Return exactly the span of lines in the following data that opens with the line containing "SHORELINE-SHALLOW MARINE PROFILE" and closes with the line containing "Street view near". Include nothing else.

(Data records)
++++++++

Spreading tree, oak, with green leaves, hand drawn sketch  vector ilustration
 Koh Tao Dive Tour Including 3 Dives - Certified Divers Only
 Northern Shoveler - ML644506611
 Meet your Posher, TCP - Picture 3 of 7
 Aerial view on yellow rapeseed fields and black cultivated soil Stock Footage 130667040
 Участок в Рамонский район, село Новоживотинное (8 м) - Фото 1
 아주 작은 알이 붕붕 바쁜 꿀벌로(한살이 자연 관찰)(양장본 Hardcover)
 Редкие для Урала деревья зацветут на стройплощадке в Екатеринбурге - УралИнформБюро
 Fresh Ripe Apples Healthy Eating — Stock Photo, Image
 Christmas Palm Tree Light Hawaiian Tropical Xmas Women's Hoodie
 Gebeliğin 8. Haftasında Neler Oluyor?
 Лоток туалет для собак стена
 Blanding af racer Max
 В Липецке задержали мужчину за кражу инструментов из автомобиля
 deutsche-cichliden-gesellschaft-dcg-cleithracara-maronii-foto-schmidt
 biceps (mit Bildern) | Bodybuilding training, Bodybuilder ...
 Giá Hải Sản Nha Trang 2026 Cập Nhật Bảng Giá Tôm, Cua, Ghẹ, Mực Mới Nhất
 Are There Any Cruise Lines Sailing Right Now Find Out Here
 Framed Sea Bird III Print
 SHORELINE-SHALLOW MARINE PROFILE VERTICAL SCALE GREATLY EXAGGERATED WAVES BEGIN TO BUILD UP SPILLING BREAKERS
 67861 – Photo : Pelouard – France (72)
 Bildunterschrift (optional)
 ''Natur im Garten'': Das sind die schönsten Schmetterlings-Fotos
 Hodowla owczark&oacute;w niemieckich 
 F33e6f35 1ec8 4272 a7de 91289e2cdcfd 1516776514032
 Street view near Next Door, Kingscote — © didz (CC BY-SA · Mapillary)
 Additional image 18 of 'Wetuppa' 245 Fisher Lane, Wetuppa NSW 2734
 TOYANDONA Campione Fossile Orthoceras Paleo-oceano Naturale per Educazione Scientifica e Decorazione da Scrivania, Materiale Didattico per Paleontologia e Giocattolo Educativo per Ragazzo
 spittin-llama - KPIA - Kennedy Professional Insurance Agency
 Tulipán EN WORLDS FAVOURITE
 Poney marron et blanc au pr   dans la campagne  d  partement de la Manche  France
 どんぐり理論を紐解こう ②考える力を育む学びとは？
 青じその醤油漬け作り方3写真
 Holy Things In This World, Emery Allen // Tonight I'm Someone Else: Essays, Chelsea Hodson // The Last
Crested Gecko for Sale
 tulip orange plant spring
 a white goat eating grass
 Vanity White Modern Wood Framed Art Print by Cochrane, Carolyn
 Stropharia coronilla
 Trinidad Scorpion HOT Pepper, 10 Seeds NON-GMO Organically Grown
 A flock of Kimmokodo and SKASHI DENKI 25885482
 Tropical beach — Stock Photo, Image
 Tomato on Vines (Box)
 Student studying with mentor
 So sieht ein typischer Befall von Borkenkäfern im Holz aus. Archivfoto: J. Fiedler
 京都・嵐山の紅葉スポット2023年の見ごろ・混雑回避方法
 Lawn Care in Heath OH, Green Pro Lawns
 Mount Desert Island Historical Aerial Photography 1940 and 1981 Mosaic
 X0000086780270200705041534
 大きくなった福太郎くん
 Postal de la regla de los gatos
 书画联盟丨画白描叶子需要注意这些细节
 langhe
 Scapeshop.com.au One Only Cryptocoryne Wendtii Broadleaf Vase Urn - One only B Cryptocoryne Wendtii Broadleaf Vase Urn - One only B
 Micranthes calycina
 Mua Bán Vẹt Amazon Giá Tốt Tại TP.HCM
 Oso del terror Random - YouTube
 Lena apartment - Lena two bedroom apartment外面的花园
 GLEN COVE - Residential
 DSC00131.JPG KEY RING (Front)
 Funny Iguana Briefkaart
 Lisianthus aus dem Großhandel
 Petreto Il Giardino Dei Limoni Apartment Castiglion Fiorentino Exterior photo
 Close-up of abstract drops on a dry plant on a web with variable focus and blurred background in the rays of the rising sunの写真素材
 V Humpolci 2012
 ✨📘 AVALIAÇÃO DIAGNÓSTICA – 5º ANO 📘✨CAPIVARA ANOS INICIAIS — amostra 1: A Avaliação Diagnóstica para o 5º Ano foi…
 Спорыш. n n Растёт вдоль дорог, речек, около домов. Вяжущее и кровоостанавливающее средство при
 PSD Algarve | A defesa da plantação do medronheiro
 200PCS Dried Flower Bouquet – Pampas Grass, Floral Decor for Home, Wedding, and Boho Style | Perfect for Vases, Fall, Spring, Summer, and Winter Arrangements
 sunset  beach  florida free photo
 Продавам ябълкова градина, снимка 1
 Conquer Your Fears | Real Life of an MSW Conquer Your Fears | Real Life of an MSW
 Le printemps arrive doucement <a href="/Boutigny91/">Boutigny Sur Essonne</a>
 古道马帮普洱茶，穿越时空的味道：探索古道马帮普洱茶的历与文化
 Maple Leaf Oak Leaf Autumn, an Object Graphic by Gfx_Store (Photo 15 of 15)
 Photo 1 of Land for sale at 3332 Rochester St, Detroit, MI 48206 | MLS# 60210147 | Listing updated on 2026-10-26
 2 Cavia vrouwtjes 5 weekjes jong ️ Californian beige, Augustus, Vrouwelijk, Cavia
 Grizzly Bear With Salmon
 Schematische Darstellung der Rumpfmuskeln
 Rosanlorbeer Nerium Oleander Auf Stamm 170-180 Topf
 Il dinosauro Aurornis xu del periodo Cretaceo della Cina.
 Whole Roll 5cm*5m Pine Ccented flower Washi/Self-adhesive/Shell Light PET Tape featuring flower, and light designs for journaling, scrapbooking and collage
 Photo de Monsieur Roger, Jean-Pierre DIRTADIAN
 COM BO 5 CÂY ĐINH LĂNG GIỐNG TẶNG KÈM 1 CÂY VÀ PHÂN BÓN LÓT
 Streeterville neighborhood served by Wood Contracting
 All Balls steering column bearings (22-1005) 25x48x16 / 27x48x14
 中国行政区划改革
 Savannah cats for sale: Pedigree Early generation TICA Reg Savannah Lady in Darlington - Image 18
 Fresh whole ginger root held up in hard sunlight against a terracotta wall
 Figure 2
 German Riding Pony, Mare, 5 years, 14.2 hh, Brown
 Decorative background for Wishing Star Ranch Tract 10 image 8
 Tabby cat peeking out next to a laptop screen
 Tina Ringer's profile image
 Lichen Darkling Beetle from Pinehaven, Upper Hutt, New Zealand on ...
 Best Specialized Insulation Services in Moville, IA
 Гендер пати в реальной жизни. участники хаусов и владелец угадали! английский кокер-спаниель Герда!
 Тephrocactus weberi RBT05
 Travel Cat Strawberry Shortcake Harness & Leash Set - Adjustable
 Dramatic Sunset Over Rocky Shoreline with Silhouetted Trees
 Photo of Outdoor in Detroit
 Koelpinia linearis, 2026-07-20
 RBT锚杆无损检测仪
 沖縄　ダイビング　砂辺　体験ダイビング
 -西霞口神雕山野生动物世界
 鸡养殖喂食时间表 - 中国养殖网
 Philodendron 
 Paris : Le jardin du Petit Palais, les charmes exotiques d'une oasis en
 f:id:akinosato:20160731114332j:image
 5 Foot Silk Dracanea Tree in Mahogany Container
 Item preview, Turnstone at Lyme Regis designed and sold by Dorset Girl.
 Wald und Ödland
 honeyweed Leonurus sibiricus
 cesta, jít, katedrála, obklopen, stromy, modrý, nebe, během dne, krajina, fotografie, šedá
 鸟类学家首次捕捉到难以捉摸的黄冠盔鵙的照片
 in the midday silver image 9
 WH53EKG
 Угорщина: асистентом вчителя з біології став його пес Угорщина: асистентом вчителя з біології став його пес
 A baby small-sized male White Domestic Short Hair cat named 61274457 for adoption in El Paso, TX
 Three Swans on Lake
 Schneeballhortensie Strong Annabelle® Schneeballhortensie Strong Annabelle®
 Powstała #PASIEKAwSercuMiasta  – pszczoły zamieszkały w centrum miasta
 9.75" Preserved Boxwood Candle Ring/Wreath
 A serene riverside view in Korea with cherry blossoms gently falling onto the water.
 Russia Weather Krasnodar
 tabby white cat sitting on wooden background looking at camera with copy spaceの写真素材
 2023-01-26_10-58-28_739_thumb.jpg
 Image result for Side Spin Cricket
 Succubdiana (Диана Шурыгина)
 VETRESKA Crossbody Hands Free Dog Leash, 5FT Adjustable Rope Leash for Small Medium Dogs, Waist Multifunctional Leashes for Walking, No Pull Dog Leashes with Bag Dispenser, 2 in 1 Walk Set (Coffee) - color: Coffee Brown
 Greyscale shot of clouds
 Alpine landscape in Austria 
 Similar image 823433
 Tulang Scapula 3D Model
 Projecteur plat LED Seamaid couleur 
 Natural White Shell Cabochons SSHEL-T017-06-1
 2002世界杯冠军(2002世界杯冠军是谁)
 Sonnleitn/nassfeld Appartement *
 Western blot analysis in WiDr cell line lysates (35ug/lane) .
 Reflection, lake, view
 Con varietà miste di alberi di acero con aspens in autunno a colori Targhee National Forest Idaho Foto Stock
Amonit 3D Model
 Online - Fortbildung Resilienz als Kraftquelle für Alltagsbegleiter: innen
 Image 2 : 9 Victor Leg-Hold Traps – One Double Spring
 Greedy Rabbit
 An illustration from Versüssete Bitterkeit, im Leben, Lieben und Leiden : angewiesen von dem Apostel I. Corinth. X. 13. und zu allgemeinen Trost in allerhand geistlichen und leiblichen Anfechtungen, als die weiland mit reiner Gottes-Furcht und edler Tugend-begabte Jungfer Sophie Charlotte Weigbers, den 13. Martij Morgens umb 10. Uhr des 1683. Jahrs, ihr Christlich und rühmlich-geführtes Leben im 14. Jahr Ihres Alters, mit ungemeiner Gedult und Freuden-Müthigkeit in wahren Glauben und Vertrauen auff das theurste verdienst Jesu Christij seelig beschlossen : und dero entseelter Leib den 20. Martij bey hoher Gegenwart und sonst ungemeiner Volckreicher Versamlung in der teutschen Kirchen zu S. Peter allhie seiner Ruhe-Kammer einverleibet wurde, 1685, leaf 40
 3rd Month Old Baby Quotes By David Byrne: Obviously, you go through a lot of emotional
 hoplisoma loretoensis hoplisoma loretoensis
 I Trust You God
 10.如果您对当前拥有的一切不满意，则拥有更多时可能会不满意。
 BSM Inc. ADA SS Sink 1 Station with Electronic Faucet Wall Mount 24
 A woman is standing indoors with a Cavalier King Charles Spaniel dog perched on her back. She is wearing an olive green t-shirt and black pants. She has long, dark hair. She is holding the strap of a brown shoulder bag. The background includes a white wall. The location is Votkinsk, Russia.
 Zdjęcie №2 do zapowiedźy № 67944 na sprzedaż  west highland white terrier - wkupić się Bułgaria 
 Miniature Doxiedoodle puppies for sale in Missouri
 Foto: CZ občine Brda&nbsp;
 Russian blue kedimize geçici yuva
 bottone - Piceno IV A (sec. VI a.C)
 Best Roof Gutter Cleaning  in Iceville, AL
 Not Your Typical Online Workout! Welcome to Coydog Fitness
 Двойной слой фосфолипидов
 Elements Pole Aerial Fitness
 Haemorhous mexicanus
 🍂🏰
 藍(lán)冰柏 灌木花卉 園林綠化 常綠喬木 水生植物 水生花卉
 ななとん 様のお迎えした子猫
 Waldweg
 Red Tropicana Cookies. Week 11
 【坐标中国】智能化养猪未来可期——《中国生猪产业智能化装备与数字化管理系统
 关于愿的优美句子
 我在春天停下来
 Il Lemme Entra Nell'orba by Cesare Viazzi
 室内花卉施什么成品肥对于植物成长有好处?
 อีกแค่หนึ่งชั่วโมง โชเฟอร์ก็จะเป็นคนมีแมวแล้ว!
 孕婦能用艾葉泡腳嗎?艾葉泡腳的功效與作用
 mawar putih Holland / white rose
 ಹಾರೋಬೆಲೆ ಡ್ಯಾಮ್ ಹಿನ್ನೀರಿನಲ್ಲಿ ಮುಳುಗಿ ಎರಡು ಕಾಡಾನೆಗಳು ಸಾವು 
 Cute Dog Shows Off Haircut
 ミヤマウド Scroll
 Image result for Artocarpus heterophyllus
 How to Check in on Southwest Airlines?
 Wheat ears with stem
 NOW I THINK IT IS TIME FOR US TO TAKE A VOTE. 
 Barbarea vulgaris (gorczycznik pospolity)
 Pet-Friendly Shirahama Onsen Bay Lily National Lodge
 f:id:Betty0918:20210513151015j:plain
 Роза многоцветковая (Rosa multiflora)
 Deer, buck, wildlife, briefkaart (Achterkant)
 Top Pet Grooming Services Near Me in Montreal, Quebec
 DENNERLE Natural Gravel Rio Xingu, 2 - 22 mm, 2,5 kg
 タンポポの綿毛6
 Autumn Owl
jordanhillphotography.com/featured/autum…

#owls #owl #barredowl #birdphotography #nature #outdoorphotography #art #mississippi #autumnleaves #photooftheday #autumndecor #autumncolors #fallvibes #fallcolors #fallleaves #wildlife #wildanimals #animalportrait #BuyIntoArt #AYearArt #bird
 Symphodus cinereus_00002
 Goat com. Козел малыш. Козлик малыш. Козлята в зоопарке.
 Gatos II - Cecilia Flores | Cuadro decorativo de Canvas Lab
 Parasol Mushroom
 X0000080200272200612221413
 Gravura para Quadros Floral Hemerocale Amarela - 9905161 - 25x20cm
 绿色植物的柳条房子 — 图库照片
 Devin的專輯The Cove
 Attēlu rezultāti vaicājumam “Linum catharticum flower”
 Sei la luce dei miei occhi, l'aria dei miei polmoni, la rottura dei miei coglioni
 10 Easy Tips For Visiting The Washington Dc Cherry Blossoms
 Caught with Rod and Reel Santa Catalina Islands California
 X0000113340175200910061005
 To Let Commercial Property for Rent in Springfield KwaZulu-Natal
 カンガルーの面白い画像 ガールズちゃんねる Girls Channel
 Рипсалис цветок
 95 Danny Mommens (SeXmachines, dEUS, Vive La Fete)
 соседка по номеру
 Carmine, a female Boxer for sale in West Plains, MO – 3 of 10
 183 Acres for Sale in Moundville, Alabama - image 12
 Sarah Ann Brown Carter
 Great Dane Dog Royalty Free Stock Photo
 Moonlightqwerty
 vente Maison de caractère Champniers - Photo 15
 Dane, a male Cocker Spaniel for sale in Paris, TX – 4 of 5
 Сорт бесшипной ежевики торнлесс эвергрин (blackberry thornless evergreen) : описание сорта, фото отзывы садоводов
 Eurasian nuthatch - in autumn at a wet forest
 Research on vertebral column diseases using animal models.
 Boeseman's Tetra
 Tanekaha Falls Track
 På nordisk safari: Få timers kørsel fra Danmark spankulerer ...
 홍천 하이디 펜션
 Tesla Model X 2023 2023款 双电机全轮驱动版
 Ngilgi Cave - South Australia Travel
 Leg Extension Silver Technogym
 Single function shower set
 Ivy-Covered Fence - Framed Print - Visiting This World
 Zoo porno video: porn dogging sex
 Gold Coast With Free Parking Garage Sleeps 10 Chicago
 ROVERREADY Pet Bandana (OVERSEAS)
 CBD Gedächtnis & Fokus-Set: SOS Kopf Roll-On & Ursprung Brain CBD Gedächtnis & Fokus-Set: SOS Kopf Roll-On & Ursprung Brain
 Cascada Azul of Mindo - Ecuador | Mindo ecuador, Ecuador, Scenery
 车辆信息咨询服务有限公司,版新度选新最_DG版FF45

++++++++

» **ANSWER BOX**:
 SHORELINE-SHALLOW MARINE PROFILE VERTICAL SCALE GREATLY EXAGGERATED WAVES BEGIN TO BUILD UP SPILLING BREAKERS
 67861 – Photo : Pelouard – France (72)
 Bildunterschrift (optional)
 ''Natur im Garten'': Das sind die schönsten Schmetterlings-Fotos
 Hodowla owczark&oacute;w niemieckich 
 F33e6f35 1ec8 4272 a7de 91289e2cdcfd 1516776514032
 Street view near Next Door, Kingscote — © didz (CC BY-SA · Mapillary)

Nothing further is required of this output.